It takes about 1-1/2 times as long to get up to the Dragonfly Factory.  But, this is where I start to see significant birds.  From a distance I had spotted two mature Bald Eagles circling and soaring on the prowl.  Two immature Bald Eagles show up and I start adding a Great Blue Heron sighting at rather short intervals and there are several Great Egrets perched in the nearby trees.
Three Great Egrets and a Great Blue Heron
All told I figure that I've spotted 4-5 Bald Eagles, a dozen Great Blue Herons and a dozen Great Egrets.

I circle the first island above the Dragonfly Factory and then cross the river to explore two inlets that I have neglected for far too long.  The upper inlet ends in about 200 yards and is nothing special other than the shore birds seem to like the innermost corner.  The lower inlet continues farther than expected and becomes a creek.  I'm stopped by a low bedrock shelf that the creek slides over.  It is far enough and I'll consult the maps when I get home.

On the return the missing Osprey show up near Peck's Mill....4 individuals.

Monday, September 9, 2019

A Quiet Day

I set out just after high tide, but the water is higher than normal, I'd say maybe 6 or 8 inches.  The remains of Hurricane Dorian passed by in the last few days.  While it was well out in the ocean and we saw only a couple windy days, a storm surge seems to still be present.  I wasn't sure when I headed this way if I'd have enough water to take my favorite route up through the Sneak, but it is clear that it will go.  So, I head up the Neck River.

6 Willets and a Dunlin, 3 Dunlin just past the first bend, 2 more Willets, 2 Great Egrets well out in Ox Meadow, and a Least Sandpiper.
5 Willets and a Dunlin
Fall is coming and the marsh is starting to tinge with red and brown.  The water is calm, the air not quite still and the sun pokes through the clouds from time to time.  The marsh is exceptionally beautiful today.

Mom passed on last summer and since then me and my brother have been distributing her ashes.  Some of them are halfway around the world, some have gone to her birthplace, and others went to a midwest forest where she would take us when we were kids.  She was a water spirit for sure, a teenage member of a synchronized swimming troupe and holder of most if not all of the Red Cross swimming and lifesaving certifications.  So, I brought some of her ashes here - a water place - a river that if I could only paddle one place, this would be it. 

Cedar Island
The first pinch goes into the water at the bend in Bailey Creek with the beautiful view of Cedar Island.  The second goes in the Sneak.  It's my private place, the one spot I try to show friends when they share the canoe.  It is also the center of the Willet nesting grounds and they are particularly attentive parents. 
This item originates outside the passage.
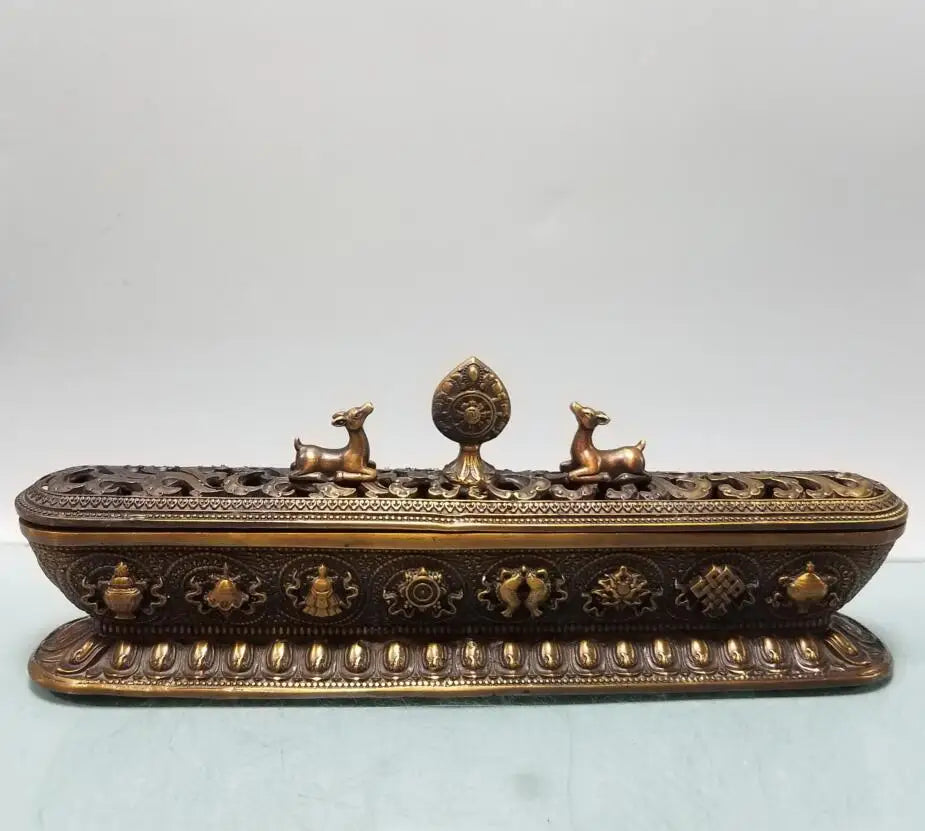 China brass double deer Tibetan Incense burner crafts statue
Another pinch goes in at the Big Bends, then more between Duck Hole Farms and the colonial smallpox cemetery that can't be seen until the leaves fall, then another at Foote Bridge.  The final pinch is put in the river at a log jam a 1/3 mile above the bridge where very few people go.  The off-white grains settle on the shallow bottom.  It's the only time I bother to watch.  Then, I turn and head back out.
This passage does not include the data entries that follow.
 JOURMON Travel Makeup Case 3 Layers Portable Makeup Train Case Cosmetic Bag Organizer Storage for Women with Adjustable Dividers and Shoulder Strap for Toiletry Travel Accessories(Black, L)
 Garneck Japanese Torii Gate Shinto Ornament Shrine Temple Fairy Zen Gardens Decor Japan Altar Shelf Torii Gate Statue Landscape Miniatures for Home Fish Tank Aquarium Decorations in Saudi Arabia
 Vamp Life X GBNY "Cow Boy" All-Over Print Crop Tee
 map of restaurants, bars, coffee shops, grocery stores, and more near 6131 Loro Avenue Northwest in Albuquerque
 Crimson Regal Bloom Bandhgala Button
It has been one of the finest of days on this river.

Sunday, September 8, 2019

Outmarveling the Marvel that Outmarveled the First Marvel.

I set out from the state boat launch under the big highway bridge and headed downstream on a fairly swift current that owed some of its speed to the falling tide.  I planned to circle Wheeler Marsh as far as possible before the dropping water level blocked me, but as it unexpectedly turned out, the water was still at a good level.  It wouldn't allow for much time to explore the many dead ends, but the trip around would not be a problem.
It is a quiet day for birds.  I had hoped to see more, but until I get to the inner corner of the marsh, it is just three Great Egrets, a Great Blue Heron and a couple Osprey.  In the inner corner I start scaring up juvenile Night Herons.  I end up flushing eight out of the tall spartina.  I can't tell whether they are Yellow-Crowned or Black-Crowned as the juveniles are too similar for me to discern when they are flying.
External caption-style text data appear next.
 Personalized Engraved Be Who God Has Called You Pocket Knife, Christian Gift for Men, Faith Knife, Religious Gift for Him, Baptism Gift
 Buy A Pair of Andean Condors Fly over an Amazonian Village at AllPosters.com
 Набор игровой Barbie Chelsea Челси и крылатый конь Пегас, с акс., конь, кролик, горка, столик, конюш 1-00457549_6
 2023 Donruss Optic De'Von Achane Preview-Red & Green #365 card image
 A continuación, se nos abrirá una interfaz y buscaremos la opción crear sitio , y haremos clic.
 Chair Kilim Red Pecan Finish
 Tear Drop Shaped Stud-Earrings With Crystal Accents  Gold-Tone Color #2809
Heading for the channel on the inside of Nell's Island, I figure that I've missed it and am in one of the side channels that goes to mud at low tide.  But, after a couple turns in the spartina hallway I find that I am exactly where I wanted to be.
Northern Harrier
So, I edge up against the spartina to write in my journal.  I am marveling at the two identical vintage Pepsi bottles that I found about 500 yards apart when a owl-headed Northern Harrier appears, outmarveling the pop bottles.  The Harrier is on the hunt and is skimming and floating low over the spartina, its hunting method one of stealth - coming up on its prey before the prey can react. 
Immature Clapper Rail
Then,   I pause and look up and outmarveling the marvel that outmarveled the two pop boottles, is an immature Clapper Rail watching me from no more than 25 feet.  I very very slowly bring my camera up and manage to get some video and a few photos as it walks in front of me and back into the spartina.   Fairly secretive birds, this is only the second time that I've seen a Rail.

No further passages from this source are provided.